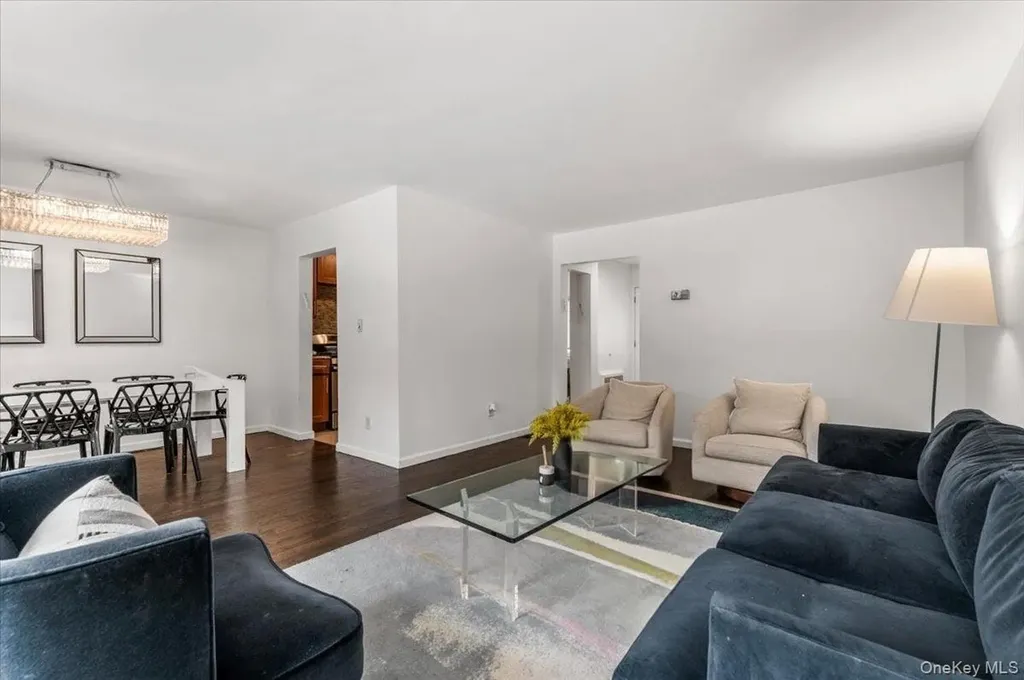 449 Argyle Road Cedarhurst NY 11516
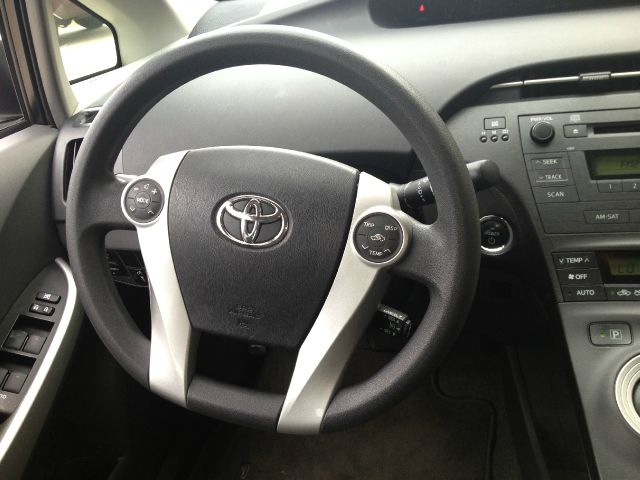 2011 Toyota Prius 4dr Sdn 2.4L FWD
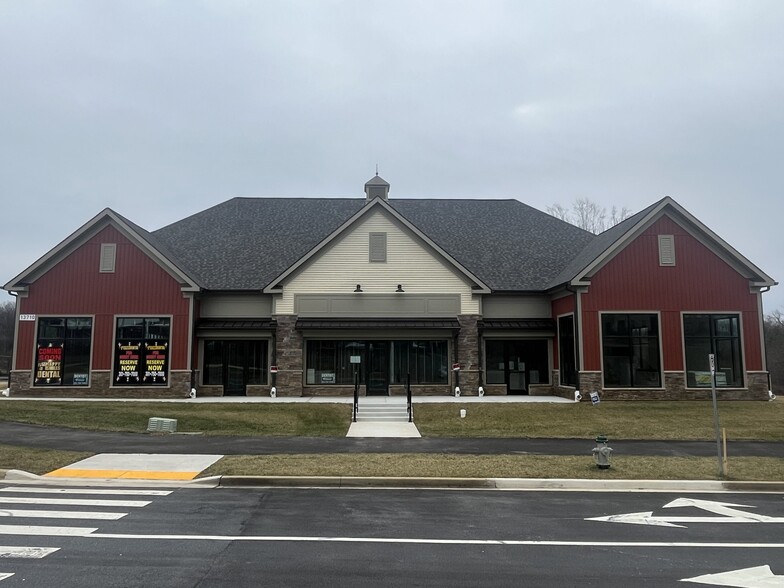 13710 Little Seneca Parkway, Clarksburg, MD for lease - Building Photo - Image 1 of 3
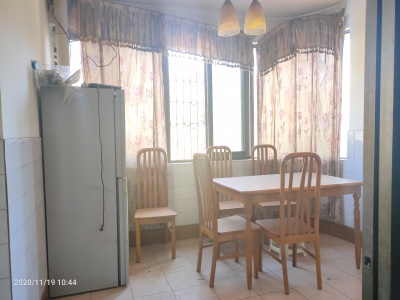 4室2廳2陽臺(tái) 西華東區(qū)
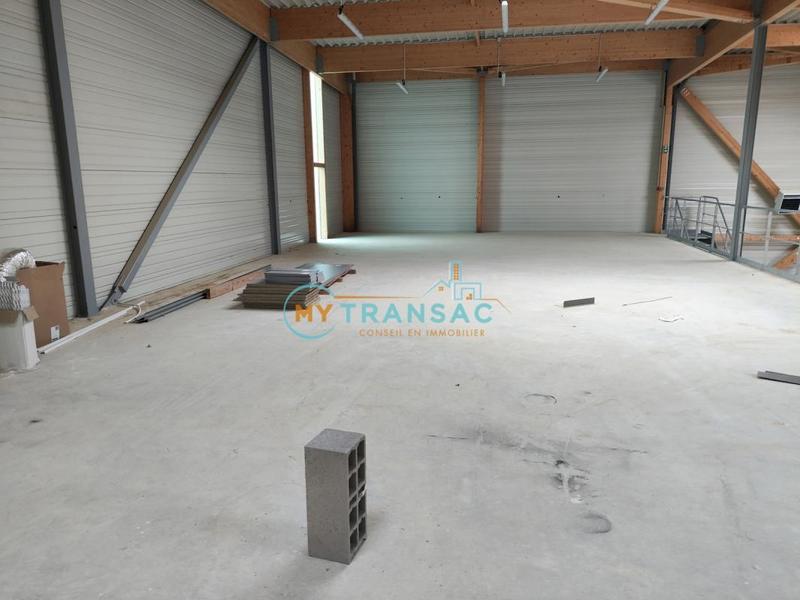 Local d'activités - 718 m²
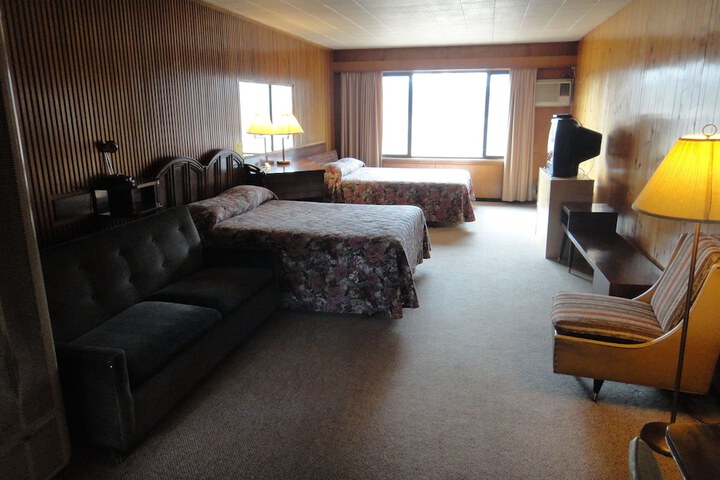 Room 23 of 32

--- What is expected ---
No picture belongs in the answer, but every word of the records above does, exactly as given.

--- Answer space ---
 449 Argyle Road Cedarhurst NY 11516
 2011 Toyota Prius 4dr Sdn 2.4L FWD
 13710 Little Seneca Parkway, Clarksburg, MD for lease - Building Photo - Image 1 of 3
 4室2廳2陽臺(tái) 西華東區(qū)
 Local d'activités - 718 m²
 Room 23 of 32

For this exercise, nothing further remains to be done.